What you return must be an exact copy of the lines in the listing below between the line holding "Antique Farmhouse Primitive" and the line holding "Yellow Polka Dot Dress", inclusive, and nothing more.

===== Data to use

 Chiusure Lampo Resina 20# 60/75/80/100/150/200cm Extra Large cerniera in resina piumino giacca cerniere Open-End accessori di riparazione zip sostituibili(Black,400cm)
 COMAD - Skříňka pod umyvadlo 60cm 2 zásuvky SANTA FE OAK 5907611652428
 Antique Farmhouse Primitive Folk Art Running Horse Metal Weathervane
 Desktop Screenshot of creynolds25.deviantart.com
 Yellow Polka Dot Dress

==========
===== Data to use

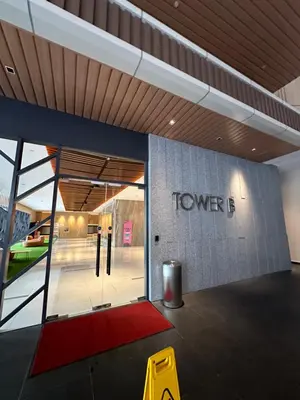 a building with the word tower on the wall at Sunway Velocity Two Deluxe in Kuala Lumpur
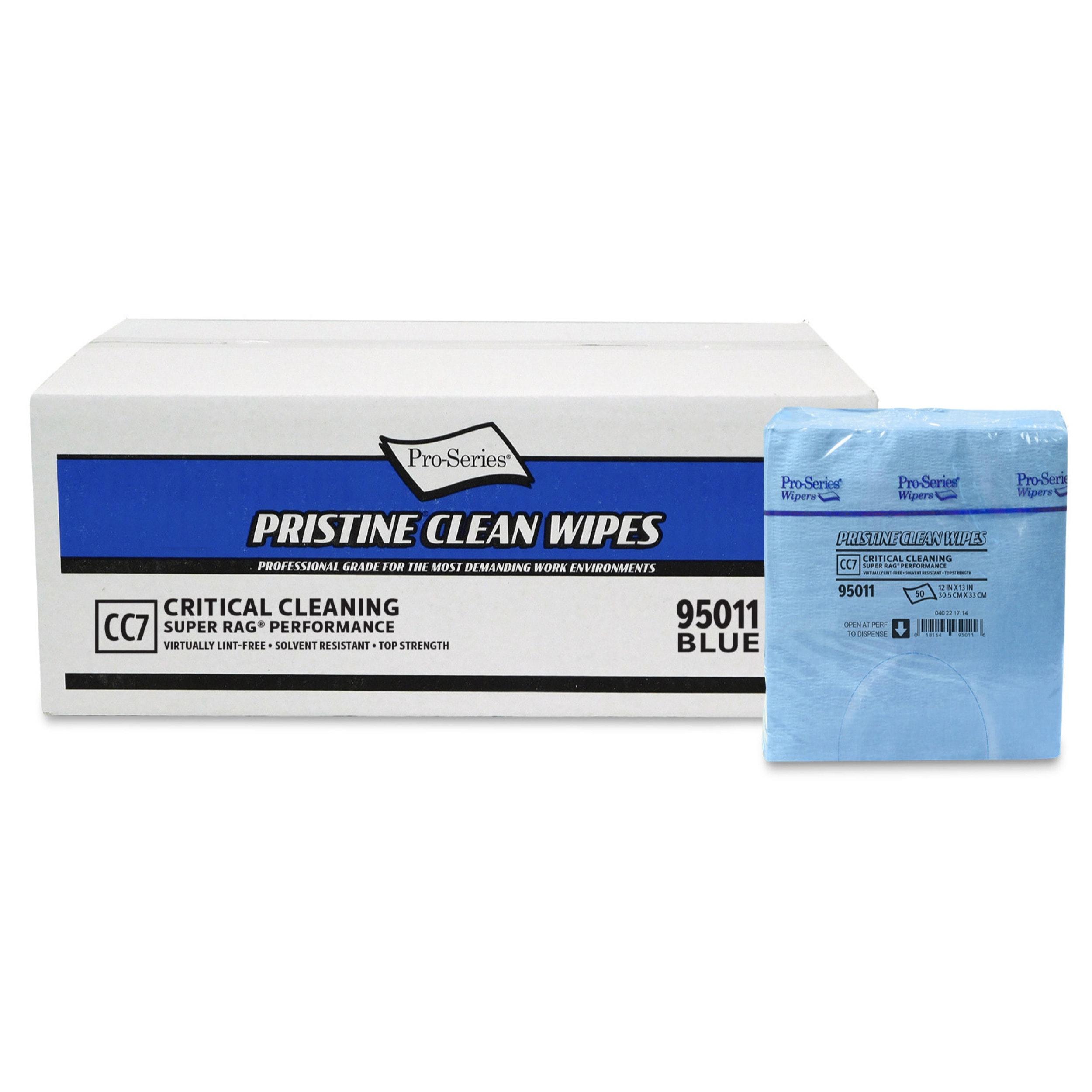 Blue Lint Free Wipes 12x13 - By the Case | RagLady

==========
===== Data to use

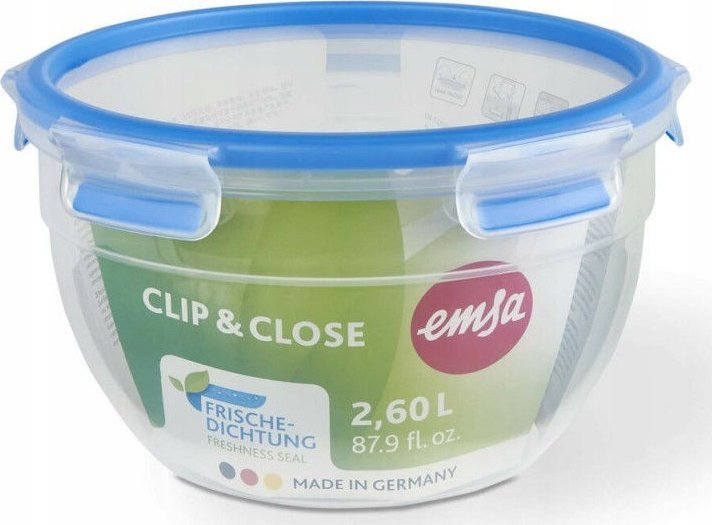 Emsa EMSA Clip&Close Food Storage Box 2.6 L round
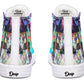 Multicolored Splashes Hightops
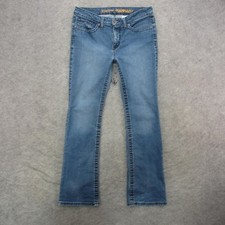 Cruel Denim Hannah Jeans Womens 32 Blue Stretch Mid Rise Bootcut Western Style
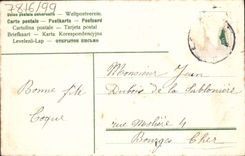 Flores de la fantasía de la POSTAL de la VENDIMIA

==========

• Answer for this exercise:
 Antique Farmhouse Primitive Folk Art Running Horse Metal Weathervane
 Desktop Screenshot of creynolds25.deviantart.com
 Yellow Polka Dot Dress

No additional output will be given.